→ **Task objective**
Since pictures are not part of the copy, please output only the lines from the one with "A rally was" through the end of the data below, exactly as written.

→ **Input material**
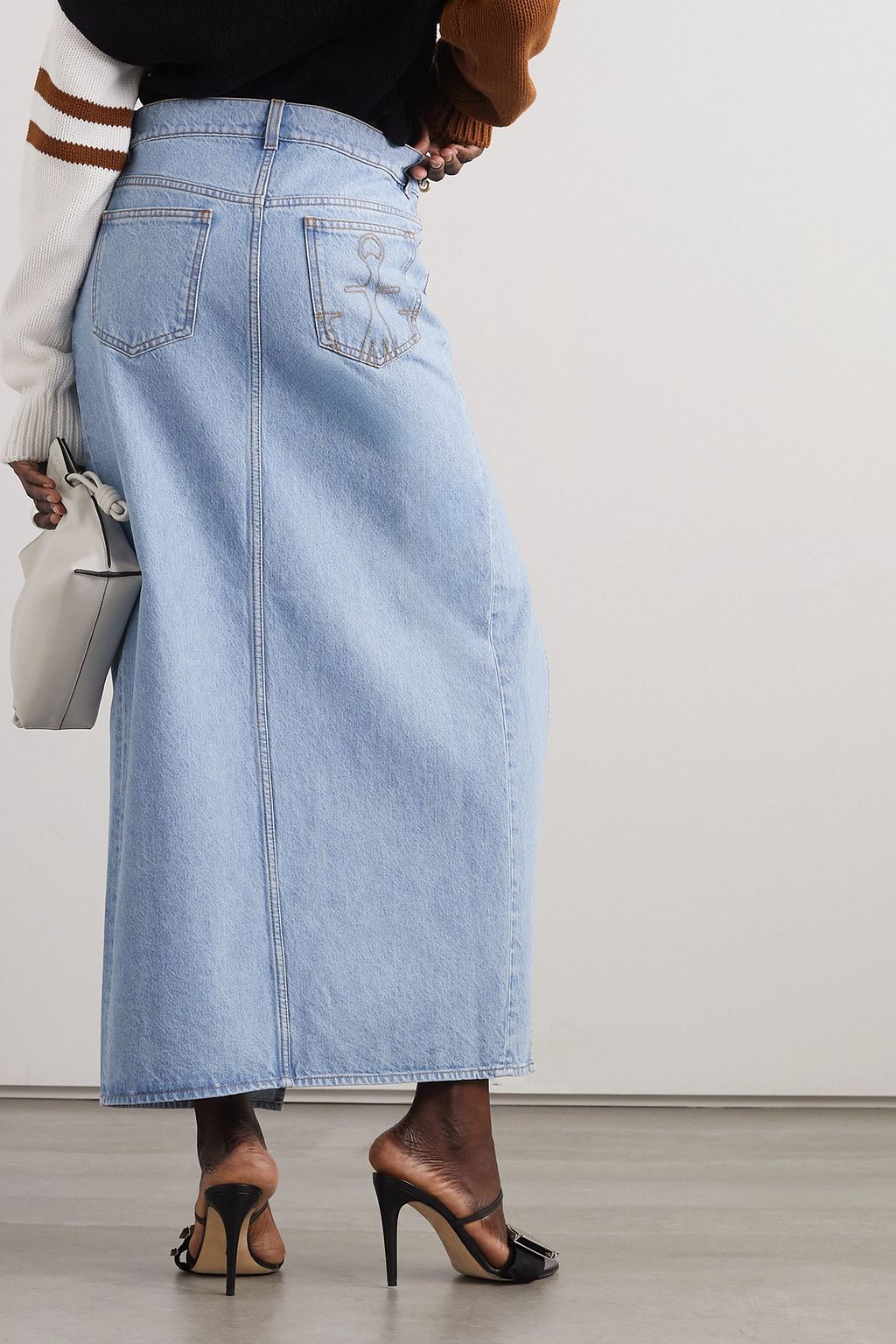 JW ANDERSON Embellished leather-trimmed denim midi skirt
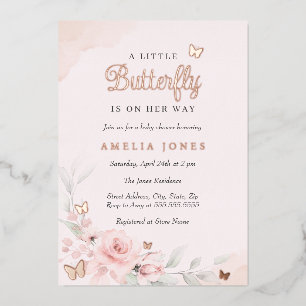 Rosa Blumen-Rosen-Schmetterling Baby Shower  Folieneinladung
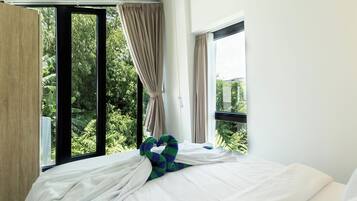 Vila Deluks, 2 kamar tidur, pemandangan sungai | 1 kamar tidur, Wi-Fi gratis, dan seprai linen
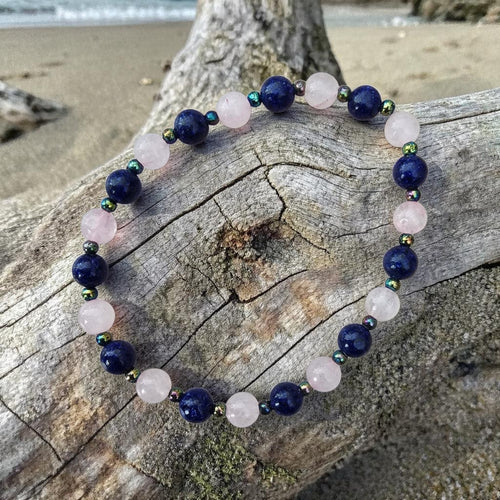 Calm & Clarity Crystal Bracelet, Lapis Lazuli & Rose Quartz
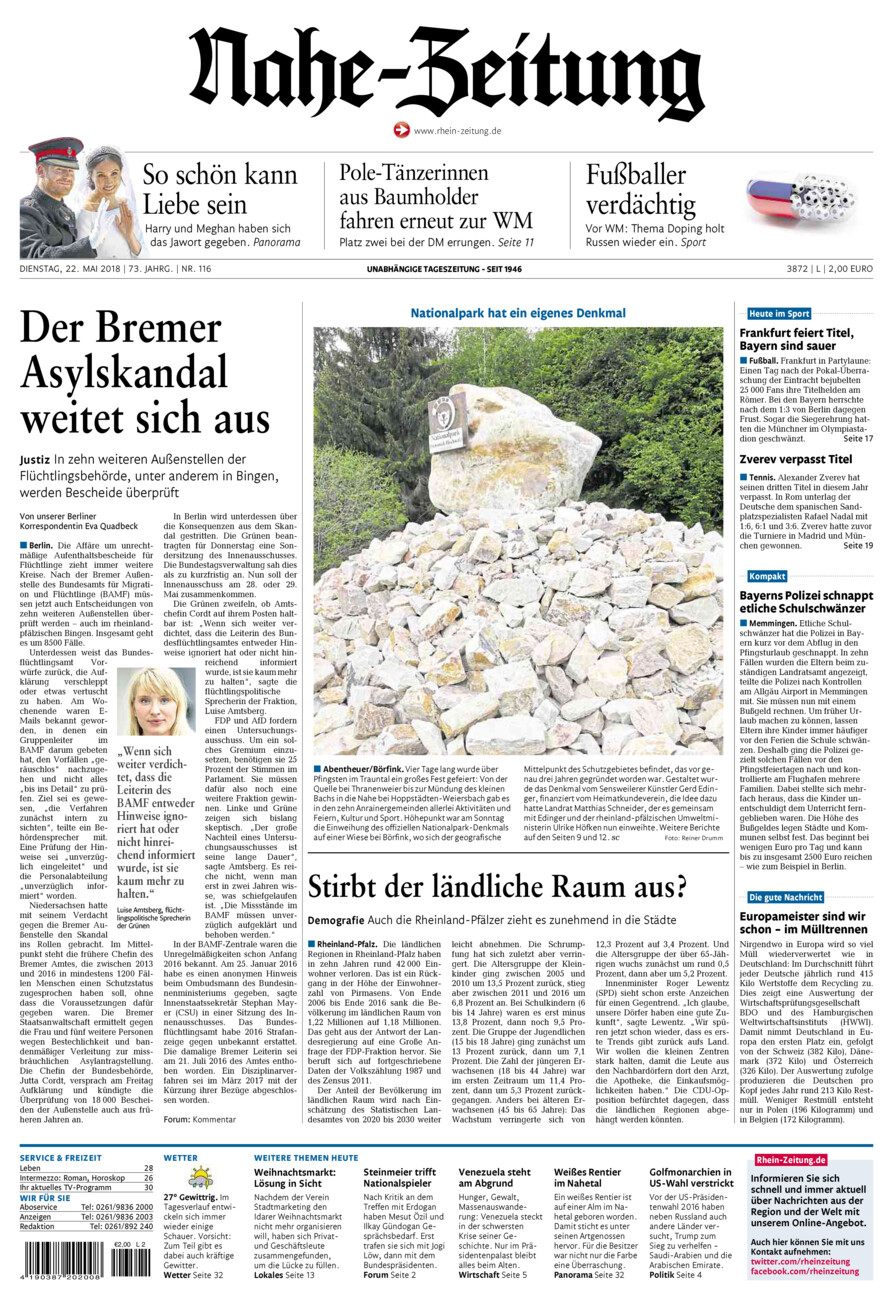 Nahe-Zeitung vom Dienstag, 22.05.2018
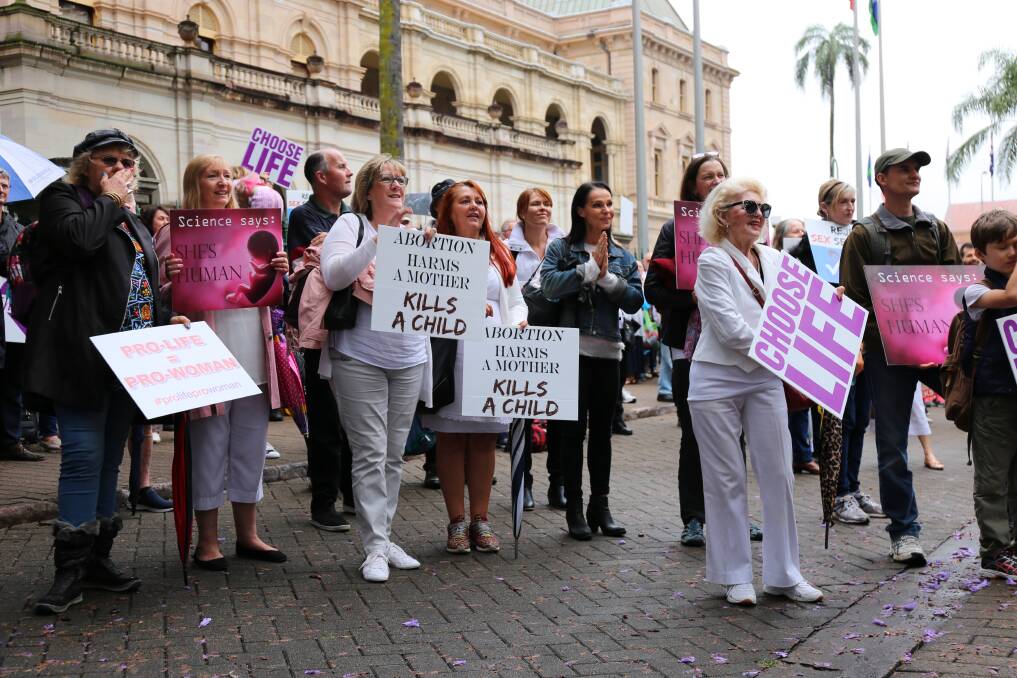 A rally was held in Brisbane against abortion decriminalisation laws. Photo: Jocelyn Garcia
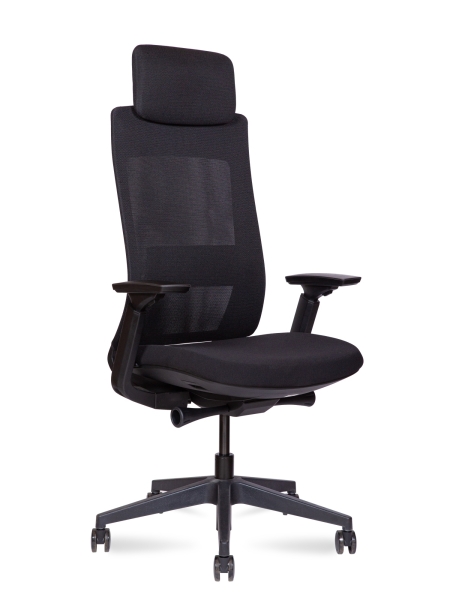 Кресло офисное Oslo черный, ткань и пластик, мягкое сиденье, с подлокотниками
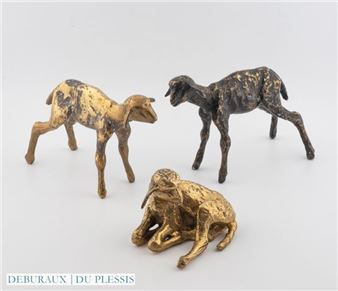 Series of three lambs in gilded and patinated bronze - Jean Pierre Nicolini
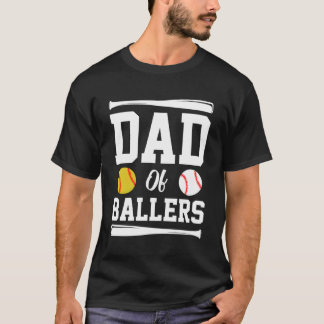 Papa van Ballers Vaderdag Softbal Papa Honkbal  T-shirt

→ **Solution to this exercise**
 A rally was held in Brisbane against abortion decriminalisation laws. Photo: Jocelyn Garcia
 Кресло офисное Oslo черный, ткань и пластик, мягкое сиденье, с подлокотниками
 Series of three lambs in gilded and patinated bronze - Jean Pierre Nicolini
 Papa van Ballers Vaderdag Softbal Papa Honkbal  T-shirt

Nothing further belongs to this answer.